Há seis anos à frente do Banco do Nordeste, o economista Roberto Smith destaca nesta entrevista a evolução do microcrédito na economia e a nova política de desenvolvimento produtivo do BNB
O Fórum BNB de Desenvolvimento tem como tema geral ´Microfinanças e PMEs no Desenvolvimento Regional´. Há intenção do banco em priorizar essas ações?
Nós somos um banco de desenvolvimento e, dentre as linhas de financiamento, o Crediamigo vem evoluindo muito com o acoplamento às políticas governamentais, facilitando a inclusão social e a bancarização. Nós entendemos como algo muito importante o microcrédito orientado, como meio de atender numa maior escala as pequenas e médias empresas, que representam 93% do total de empresas no País.
Qual a participação do crédito em relação ao PIB (Produto Interno Bruto)?
Essa relação é muito baixa no Brasil e mais baixa ainda no Nordeste, que detém os piores indicadores em termos de renda per capita e pobreza. O Crediamigo gera desenvolvimento na economia e introduz os segmentos de menor renda nesse processo. Os dez anos do Crediamigo são um marco, comprovado por pesquisa do FGV, que apontou que ele é sustentável, em termos econômicos, crescente de retorno, e com uma taxa de inadimplência inferior a 1%.
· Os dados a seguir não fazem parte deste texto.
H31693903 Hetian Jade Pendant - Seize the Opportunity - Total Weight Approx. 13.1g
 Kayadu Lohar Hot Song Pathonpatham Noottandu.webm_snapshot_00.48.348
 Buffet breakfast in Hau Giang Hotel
A Política de Desenvolvimento Produtivo (PDP) e o Nordeste — um dos painéis do Fórum — engloba quatro metas principais, a serem atingidas até 2010: ampliar o investimento fixo em relação ao Produto Interno Bruto (PIB) para 21%, elevar o gasto privado em pesquisa para 0,65%, ampliar para 1,25% a participação do Brasil no comércio internacional e dinamizar as micro e pequenas empresas exportadoras. Como o Banco se insere neste contexto?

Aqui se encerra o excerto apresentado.